Re: Embedded Content from Benjamin Young on 2014-10-15 (public-annotation@w3.org from October 2014)

From: Benjamin Young <bigbluehat@hypothes.is>
Date: Wed, 15 Oct 2014 08:34:44 -0400
To: Nick Stenning <nick@whiteink.com>
Cc: public-annotation@w3.org
Message-ID: <CAE3H5F+VX4NXRQO9ktWdnjAwLRrvUpnw_BQtSPD+ZMCA7Lghew@mail.gmail.com>

On Wed, Oct 15, 2014 at 7:37 AM, Nick Stenning <nick@whiteink.com> wrote:

> On Wed, Oct 15, 2014, at 07:07, Ivan Herman wrote:
> > Thanks for the pointer, Nick. I didn't realize it was that messy...
> >
>
> It was Randall that pointed out the mess, not me!
>
> That said, the article Randall linked to is about JavaScript's internal
> string encoding, which is -- as the article discusses -- a bizarre
> halfway house between UCS-2 and UTF-16.
>
> That shouldn't (AFAIK) affect the issue of mandated encodings for
> embedded content.

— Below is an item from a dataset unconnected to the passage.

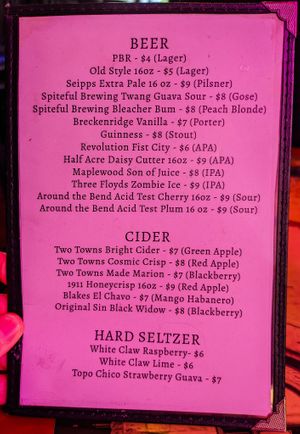 Menu page at Kitchen 17 at Kitchen 17 in Chicago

User agents can still write unicode text from
> JavaScript onto the wire as UTF-8.
>
> As I understand it, the use case for embedding is as follows:
>
> "For small annotation bodies, the overhead associated with creating a
> concrete resource elsewhere on the web is unacceptable, so we want a way
> to embed sufficiently small bodies in the Annotation resource itself."
>
> If embedded bodies will be small, the advantages of UTF-16 over UTF-8
> for asian texts will be minimal, and thus I'd be in favour of omitting
> the character encoding and mandating UTF-8.
>

If JSON-LD is a prime target for representation (which it seems to be),
picking UTF-8 seems prudent.

Here's a quote from RFC 7159 (the latest JSON spec):

JSON text SHALL be encoded in UTF-8, UTF-16, or UTF-32. The default

   encoding is UTF-8, and JSON texts that are encoded in UTF-8 are
   interoperable in the sense that they will be read successfully by the
   maximum number of implementations; there are many implementations
   that cannot successfully read texts in other encodings (such as
   UTF-16 and UTF-32).

Cite: http://tools.ietf.org/html/rfc7159#section-8.1

And another spec now in progress (also by Tim Bray) introduces the
idea of I-JSON (or "Internet JSON") which essentially outlines and
codifies the interoperability recommendations in RFC 7159. The key
piece of which for this conversation is...

   I-JSON messages MUST be encoded using UTF-8 [RFC3629
<https://tools.ietf.org/html/rfc3629>].

Cite: https://tools.ietf.org/html/draft-ietf-json-i-json-03#section-2.1

So...while UTF-16 is "allowed for" it seems it would only cause
implementation woes...sadly.

> That said, I will happily reverse my position if someone has evidence
> that omitting support for UTF-16 in embedded bodies will negatively
> affect adoption of our standard in China/Thailand/etc.
>

Likely the developers in that area are accustomed to the "fun" that is
UTF-* and are used to UTF-8 content limitations in particular.

Perhaps a stance such as "SHOULD be encoded using UTF-8, but MAY be encoded
in UTF-16 or UTF-32 where limiting interoperability is less of a concern."
Terribly vague, but you get the idea, hopefully. :)

Thanks!
Benjamin
--
Developer Advocate
http://hypothes.is/

>
> -N
>
>
>

Received on Wednesday, 15 October 2014 12:35:13 UTC